The callback function should return zero or more nodes, which will be inserted into the resulting node set at the place where the matching text sequence occurred.
Note: a ngram match on mixed content may span multiple nodes. In this case, the callback function is called once for every text node which is part of the matching text sequence.
$nodes* | The sequence of nodes |
$function-reference | The callback function |
ngram:starts-with($nodes as node()*, $queryString as xs:string?) as node()*
Similar to the standard XQuery fn:starts-with function, but based on the NGram index. Searches the given $queryString in the index defined on the input node set $nodes. String comparison is case insensitive. Nodes need to have an ngram index to be searched.The string has to appear at the start of the node's content.
$nodes* | The input node set to search |
$queryString? | The exact string to search for |
ngram:wildcard-contains($nodes as node()*, $queryString as xs:string?) as node()*
Similar to the standard XQuery fn:matches function, but based on the NGram index and allowing wildcards in the query string. Searches the given $queryString in the index defined on the input node set $nodes. String comparison is case insensitive.
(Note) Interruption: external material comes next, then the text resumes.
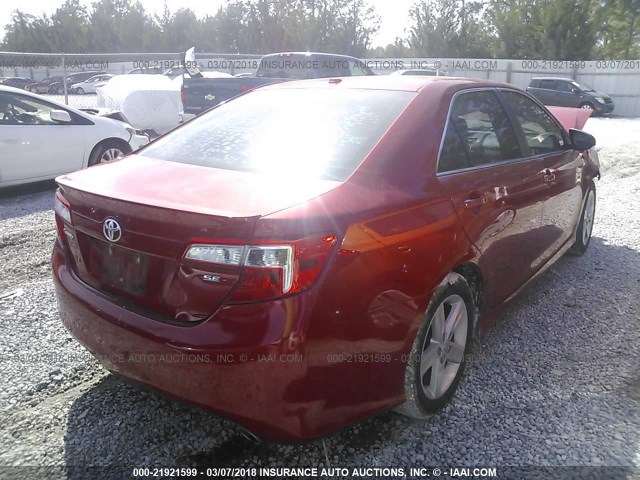 4T1BF1FK9EU754127 - 2014 TOYOTA CAMRY L/SE/LE/XLE RED photo 4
Nodes need to have an ngram index to be searched.The string has to match the whole node's content.
$nodes* | The input node set to search |
$queryString? | The string to search for.A full stop, '.', (not between brackets), without any qualifiers: Matches a single arbitrary character.A full stop, '.', (not between brackets), immediately followed by a single question mark, '?': Matches either no characters or one character.A full stop, '.', (not between brackets), immediately followed by a single asterisk, '*': Matches zero or more characters.A full stop, '.', (not between brackets), immediately followed by a single plus sign, '+': Matches one or more characters.A full stop, '.', immediately followed by a sequence of characters that matches the regular expression {[0-9]+,[0-9]+}: Matches a number of characters, where the number is no less than the number represented by the series of digits before the comma, and no greater than the number represented by the series of digits following the comma.An expression "[…]" matches a single character, namely any of the charactersenclosed by the brackets. The string enclosed by the brackets cannot be empty; therefore ']' can be allowed between the brackets, provided that it is the first character.(Thus, "[][?]" matches the three characters '[', ']' and '?'.)A circumflex accent, '^', at the start of the search string matches the start of the element content.A dollar sign, '$', at the end of the search string matches the end of the element content.One can remove the special meaning of any character mentioned above by preceding them by a backslash.Between brackets these characters stand for themselves. Thus, "[[?*\]" matchesthe four characters '[', '?', '*' and '\'.'?', '*', '+' and character sequences matching the regular expression {[0-9]+,[0-9]+} not immediately preceeded by an unescaped period, '.', stand for themselves.'^' and '$' not at the very beginning or end of the search string, respectively, stand for themselves. |